Born in Tulsa, Oklahoma, in 1935, McBee switched from clarinet to the upright bass at the age of 17 and quickly became a sought after voice on his instrument. Following his music studies at Ohio Central State University, the bassist spent two years in the army, conducting the band at Fort Knox. In 1959 he performed with Dinah Washington and moved to Detroit, where his engagement with Paul Winter’s ensemble in 1963–64 brought him eventually to his adopted home, New York City. Within two years McBee had recorded landmark sessions with such major figures as Wayne Shorter, Jackie McLean, Andrew Hill, and Sam Rivers, and held the bass chair in Charles Lloyd’s extraordinary quartet with Jack DeJohnette and Keith Jarrett.
Since that time he has recorded and toured with many of the greatest contemporary jazz artists, including Miles Davis, Yusef Lateef, Pharoah Sanders, Archie Shepp, Freddie Hubbard, Woody Shaw, Alice Coltrane, McCoy Tyner, Mal Waldron, Kenny Barron, Joanne Brackeen, Abdullah Ibrahim, Art Pepper, Anthony Braxton, Elvin Jones, Clifford Jordan, Chet Baker, and Johnny Griffin. McBee has also recorded seven albums as a leader of his own ensembles.

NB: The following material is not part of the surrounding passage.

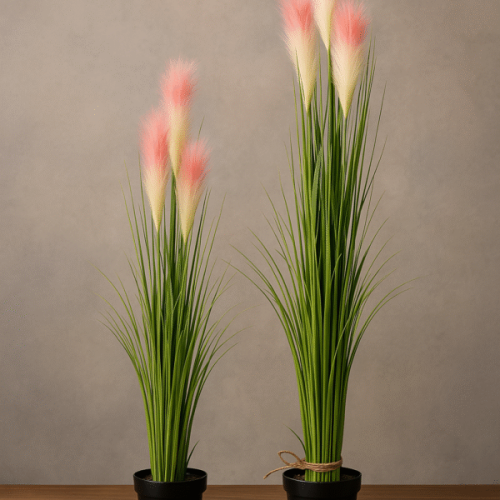reed Plant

In 1988 he received a Grammy Award for his performance on the tribute recording, Blues for Coltrane, a sextet that also featured Pharoah Sanders, David Murray, McCoy Tyner, and Roy Haynes.
Many of the touring groups and recordings on which McBee has appeared have also featured his exceptional compositions; Charles Lloyd’s breakthrough album, Forest Flower, released in 1966, includes McBee’s now standard ballad, “Song of Her.” Among his other most-recorded tunes are “Wilpan’s,” “Peacemaker,” “Slippin’n Slidin’,” “Blues on the Bottom,” “Consequence,” and another often-recorded ballad, “Close to You Alone.” With the drummer Billy Hart, McBee is the core of the rhythm section in two different longstanding groups of iconic artists, Saxophone Summit and The Cookers, each of which perform and record many of McBee’s more recent and classic compositions.
For nearly four decades, Cecil McBee has been teaching privately and at distinguished colleges and universities, including artist in residence at Harvard from 2010 to 2011. Throughout this time, he has been refining his teaching techniques and developing an instruction book for the doublebass that is revolutionary in its approach and widely applicable to improvisation for every instrumentalist.